Text Extraction for OCR
Multimodal dataset consisting of invoice images and XML files containing the extracted data. Each image is associated with an identical XML file that can be used to extract entities such as invoice number, date, company name, telephone, and address.
Approximately 1560 pairs of image files (invoices) and XML, JPG/PNG and XML formats, tabular data extracted
CC0: Public Domain
Description
The dataset Text Extraction for OCR Contains approximately 1560 images of old invoices with their corresponding XML files. These XML files provide information extracted from each invoice, including the invoice number, date, business names, telephone numbers, and addresses. Images often contain visual errors such as character substitutions (e.g. '0' replaced by 'O'), simulating real conditions.
What is this dataset for?
- Develop and test entity extraction algorithms (NER) specific to invoice documents
- Improving the recognition of tabular data in complex images
- Building OCR models that are robust against typographical or image quality errors
Can it be enriched or improved?
Yes, it is possible to add additional manual annotations to increase the richness of the extracted entities, or to integrate other types of similar documents (receipts, purchase orders). Correcting errors in XML can also improve the quality of the dataset.
🔎 In summary
🧠 Recommended for
- OCR researchers
- NER Tool Developers
- Documentary digitization projects
🔧 Compatible tools
- Tesseract
- EasyOCR
- SpacY
- Transformers OCR
💡 Tip
Combine visual image analysis with XML data to improve the accuracy of extractions.

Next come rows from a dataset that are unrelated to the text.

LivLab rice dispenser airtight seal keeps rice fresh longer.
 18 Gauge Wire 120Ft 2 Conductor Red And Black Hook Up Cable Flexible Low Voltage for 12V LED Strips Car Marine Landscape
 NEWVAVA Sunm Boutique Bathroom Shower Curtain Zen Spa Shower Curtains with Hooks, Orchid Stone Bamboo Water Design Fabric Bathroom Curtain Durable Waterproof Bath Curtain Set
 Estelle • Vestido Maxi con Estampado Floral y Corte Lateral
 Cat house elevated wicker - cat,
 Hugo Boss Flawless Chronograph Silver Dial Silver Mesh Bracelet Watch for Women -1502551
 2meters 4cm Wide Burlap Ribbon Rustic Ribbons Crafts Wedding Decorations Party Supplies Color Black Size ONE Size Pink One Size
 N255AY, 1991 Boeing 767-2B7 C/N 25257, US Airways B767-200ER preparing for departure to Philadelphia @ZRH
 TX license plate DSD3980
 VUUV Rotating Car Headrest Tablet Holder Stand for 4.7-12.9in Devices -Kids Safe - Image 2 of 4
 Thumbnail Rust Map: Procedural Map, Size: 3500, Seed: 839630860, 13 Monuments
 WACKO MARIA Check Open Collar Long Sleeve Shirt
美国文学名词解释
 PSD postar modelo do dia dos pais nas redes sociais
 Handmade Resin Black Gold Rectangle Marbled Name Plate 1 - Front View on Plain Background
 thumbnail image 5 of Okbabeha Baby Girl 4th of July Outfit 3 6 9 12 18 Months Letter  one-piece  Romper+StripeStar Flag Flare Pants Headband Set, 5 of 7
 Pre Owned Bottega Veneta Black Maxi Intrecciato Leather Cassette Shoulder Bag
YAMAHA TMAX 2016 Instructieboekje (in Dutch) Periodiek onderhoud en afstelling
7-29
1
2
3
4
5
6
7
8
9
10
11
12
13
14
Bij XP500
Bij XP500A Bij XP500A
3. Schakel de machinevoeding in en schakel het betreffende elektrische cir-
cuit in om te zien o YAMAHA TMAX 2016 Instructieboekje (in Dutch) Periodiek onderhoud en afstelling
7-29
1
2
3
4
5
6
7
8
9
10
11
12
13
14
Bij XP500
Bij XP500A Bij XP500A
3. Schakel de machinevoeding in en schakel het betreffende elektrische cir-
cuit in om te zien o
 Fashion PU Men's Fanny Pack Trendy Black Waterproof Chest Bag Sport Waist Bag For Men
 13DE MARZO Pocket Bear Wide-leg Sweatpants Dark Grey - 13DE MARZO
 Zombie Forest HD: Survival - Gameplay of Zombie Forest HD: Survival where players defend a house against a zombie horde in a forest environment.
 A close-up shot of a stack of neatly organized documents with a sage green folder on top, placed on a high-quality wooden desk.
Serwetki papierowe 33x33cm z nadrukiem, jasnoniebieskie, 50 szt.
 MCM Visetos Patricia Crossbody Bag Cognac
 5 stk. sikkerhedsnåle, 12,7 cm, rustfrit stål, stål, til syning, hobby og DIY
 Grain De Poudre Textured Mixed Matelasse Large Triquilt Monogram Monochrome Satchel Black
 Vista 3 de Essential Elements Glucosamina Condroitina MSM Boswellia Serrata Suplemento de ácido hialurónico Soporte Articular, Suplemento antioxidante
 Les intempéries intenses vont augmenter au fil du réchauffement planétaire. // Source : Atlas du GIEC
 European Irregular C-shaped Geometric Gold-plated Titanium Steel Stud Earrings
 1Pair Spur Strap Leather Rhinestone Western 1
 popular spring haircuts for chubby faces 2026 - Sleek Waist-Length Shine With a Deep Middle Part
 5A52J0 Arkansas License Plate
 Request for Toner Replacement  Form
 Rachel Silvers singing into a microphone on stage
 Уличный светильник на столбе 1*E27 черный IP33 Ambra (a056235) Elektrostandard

Frequently Asked Questions
Can this dataset be used to automatically extract invoice data?
Yes, it is designed specifically for automatically extracting key entities from invoice images, with associated XML files.
Do XML files need to be cleaned before use?
Yes, some typographical errors are present in XML, it is advisable to correct them for better results.
Does the dataset only contain images or also annotations?
It contains both invoice images and their structured XML files that serve as annotations.